Monsieur Pouyanné, vous êtes devenu ensuite président-directeur général (PDG) du groupe en 2015. Vous avez fait vos classes dans ce groupe et vous en connaissez tout. C'est très précieux pour nous de vous accueillir aujourd'hui. Aussi est-ce avec plaisir et un grand d'intérêt que je vous salue. Je sais que certains aspects de votre action ont suscité des polémiques. Celles-ci doivent donner lieu à des débats peut-être, mais certainement pas à des mises en cause personnelles. Je compte sur le civisme et la courtoisie de mes collègues pour que cette audition se déroule dans de très bonnes conditions.

Avant de vous laisser la parole, je dirais que j'ai le sentiment, aujourd'hui, d'interroger trois personnes à la fois.

Vous êtes d'abord, je l'ai dit, un serviteur de l'État et un citoyen, un citoyen particulièrement éclairé sur les questions énergétiques. Nous faisons face à un enjeu qui est celui de la transition énergétique, de la transition climatique, qui est sans doute le plus important de ceux auxquels nous serons confrontés à échéance d'une quarantaine d'années. Tout le monde ici en est conscient. Compte tenu de vos fonctions et de votre expérience, votre avis sur ces questions est particulièrement éclairé.

Alors que nous nous interrogeons sur la signification exacte de ce que nous devons faire, il serait intéressant de bénéficier de vos lumières pour nous éclairer sur les trois défis que nous vivons.

Le premier est le défi de la prévisibilité : nous ne savons absolument pas de quoi demain sera fait en matière de mix énergétique. À cet égard, nous sommes confrontés à un risque important, que j'appellerais le syndrome du Minitel : ne faisons-nous pas confiance à des technologies actuelles qui seront peut-être dépassées demain ? Si tel était le cas, nous aurions le regret d'avoir opéré de mauvais choix. Comment percevez-vous l'avenir de la situation énergétique ?

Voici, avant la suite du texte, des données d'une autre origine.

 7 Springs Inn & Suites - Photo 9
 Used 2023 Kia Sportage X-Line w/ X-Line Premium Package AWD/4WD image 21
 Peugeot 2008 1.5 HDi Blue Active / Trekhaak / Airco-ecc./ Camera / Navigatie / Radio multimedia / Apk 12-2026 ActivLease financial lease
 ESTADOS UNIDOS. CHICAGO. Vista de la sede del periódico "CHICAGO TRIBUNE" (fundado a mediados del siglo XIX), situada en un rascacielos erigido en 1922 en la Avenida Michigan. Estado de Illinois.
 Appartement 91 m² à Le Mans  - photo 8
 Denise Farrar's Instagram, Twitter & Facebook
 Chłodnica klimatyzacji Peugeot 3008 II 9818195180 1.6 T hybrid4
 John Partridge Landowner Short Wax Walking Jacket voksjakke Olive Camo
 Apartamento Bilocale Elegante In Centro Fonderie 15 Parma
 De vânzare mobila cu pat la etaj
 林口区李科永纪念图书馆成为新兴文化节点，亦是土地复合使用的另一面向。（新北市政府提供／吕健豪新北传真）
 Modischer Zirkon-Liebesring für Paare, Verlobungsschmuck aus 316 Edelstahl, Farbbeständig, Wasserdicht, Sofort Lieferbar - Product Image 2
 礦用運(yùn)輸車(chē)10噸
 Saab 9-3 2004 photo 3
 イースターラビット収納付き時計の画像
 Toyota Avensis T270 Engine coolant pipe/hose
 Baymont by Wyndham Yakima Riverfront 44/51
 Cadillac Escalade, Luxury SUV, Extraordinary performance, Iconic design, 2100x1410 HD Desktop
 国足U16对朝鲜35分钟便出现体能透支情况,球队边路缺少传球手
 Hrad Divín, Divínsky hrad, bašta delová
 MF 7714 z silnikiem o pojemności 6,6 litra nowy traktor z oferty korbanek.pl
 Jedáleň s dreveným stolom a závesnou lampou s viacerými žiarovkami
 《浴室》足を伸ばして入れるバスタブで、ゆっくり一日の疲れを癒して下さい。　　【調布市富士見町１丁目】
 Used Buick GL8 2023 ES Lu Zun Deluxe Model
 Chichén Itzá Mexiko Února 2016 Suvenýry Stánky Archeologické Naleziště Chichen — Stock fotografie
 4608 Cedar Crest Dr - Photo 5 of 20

Le deuxième défi concerne les limites de l'exemplarité. En la matière, nous sommes face à un autre syndrome, celui de la clé et du réverbère, celui de l'homme qui cherche la clé qu'il a perdue sous le réverbère non pas parce qu'elle s'y trouve mais parce que c'est là qu'il y a de la lumière. Transposé à notre situation, nous agissons très fortement à l'intérieur de nos frontières, nous sollicitons les efforts et la mobilisation de chacun, alors même que l'enjeu est universel et géopolitique, passant avant tout par la conversion à des exigences de transition de grands acteurs sur lesquels nous pesons relativement peu, comme la Chine, l'Inde ou les États-Unis, pour ne citer qu'eux. Ce défi de l'exemplarité nous pose un problème, car si nous en faisons trop unilatéralement, nous pouvons nous affaiblir économiquement sans obtenir un résultat aussi considérable qu'attendu. J'aimerais que vous nous éclairiez sur certains aspects de cette affaire.

Le troisième défi, très complexe, est celui de l'adaptabilité : en quoi sommes-nous capables de procéder aux changements nécessaires sans mettre en cause notre compétitivité économique, nos équilibres sociaux ni nos équilibres politiques ? Dans quelle mesure, notamment, le degré de contrainte que nous envisageons d'imposer à nos concitoyens est-il compatible avec le maintien d'une société libre ?

Des échéances précises se dessinent. Concrètement, ces questions pourraient se centrer autour de la question de la voiture. M. Breton a émis des propos assez dissonants par rapport à ceux que nous entendions jusqu'à présent. Comment voyez-vous la perspective, vous qui fournissez du carburant à l'ensemble des voitures européennes, voire mondiales ? Comment voyez-vous la portée réelle de l'interdiction du moteur thermique à une échéance relativement brève ? Considérez-vous que ce défi puisse être relevé dans des conditions qui soient véritablement à la hauteur des économies d'énergies fossiles que nous espérons ? Comment peut-il être assumé sans risques collatéraux trop importants sur la compétitivité économique de l'Europe ? C'est un point de focus sur lequel nous aimerions vous entendre.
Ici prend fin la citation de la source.